Maybe I've missed something here (it wouldn't be the first time), but regardless of how much ballast is in a "1 ton" bag mixing a cubic metre of concrete seems like an awful lot of work, even with a mechanical mixer (God forbid you would be thinking of mixing by hand :shock. Is there a particular reason you don't want to simply order in some ready-mix?


----------



## The Bear (4 Jan 2010)

A bulk bag of balast (that you are refering to as a ton bag) contains 0.6 m3 of the stuff. You need 4 bags of cement per bulk bag.

Mark


----------



## Benchwayze (4 Jan 2010)

I have mixed concrete with a hired mixer in the past. First time I did it, I didn't know much about cement and sand etc. So I went to a builders' Merchant, told them what I was doing, and gave them the dimensions.

The guy behind the counter consulted a chart, and told me exactly what I needed and how much to order. I ordered it, and then went home to await delivery. Easy-peezy! 

These days I have a pal who was in the 'Readimix' org. Apparently the subject of concrete fascinates him still, and he seems to have the answers if it's anything to do with concrete. Next time I see him.... :wink: 

Regards 

John


----------



## Dibs-h (4 Jan 2010)

WellsWood":2spcdeg9 said:


> Maybe I've missed something here (it wouldn't be the first time), but regardless of how much ballast is in a "1 ton" bag mixing a cubic metre of concrete seems like an awful lot of work, even with a mechanical mixer (God forbid you would be thinking of mixing by hand :shock. Is there a particular reason you don't want to simply order in some ready-mix?

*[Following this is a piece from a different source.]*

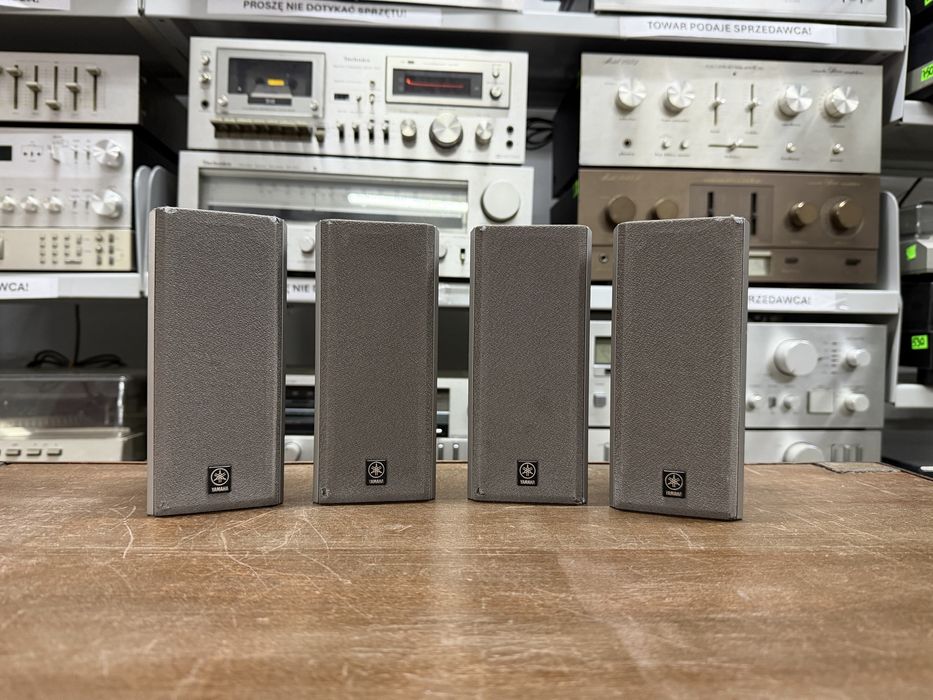‼️ Kolumny Surround Yamaha NX-E130 do kina domowego, Audio Room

I'd 2nd that - having mixed up the odd M3 of concrete, I would heartily recommend not doing it by hand\mixer. I'd either use ReadyMix or one of the barrow outfits.

By the way - even a petrol\electric mixer will only mix about 70-80L, so that's a lot of mixes.

Although I suppose if you already have a mixer and a spare Sat or Sun - then what the hell - give it a go.


----------



## JMcK (4 Jan 2010)

Dibs-h":7qeipc66 said:


> By the way - even a petrol\electric mixer will only mix about 70-80L, so that's a lot of mixes.



I have a fairly small electric one which mixes 130L. 

For bigger jobs I use one on the back of the tractor. :wink:


----------



## ninjabika (4 Jan 2010)

WellsWood":30buwn7s said:


> Maybe I've missed something here (it wouldn't be the first time), but regardless of how much ballast is in a "1 ton" bag mixing a cubic metre of concrete seems like an awful lot of work, even with a mechanical mixer (God forbid you would be thinking of mixing by hand :shock. Is there a particular reason you don't want to simply order in some ready-mix?



HI

no particular reasom why i was looking into quantaties, will probobly go the ready mix route anyway , i just like to weigh up all my options.


martin


----------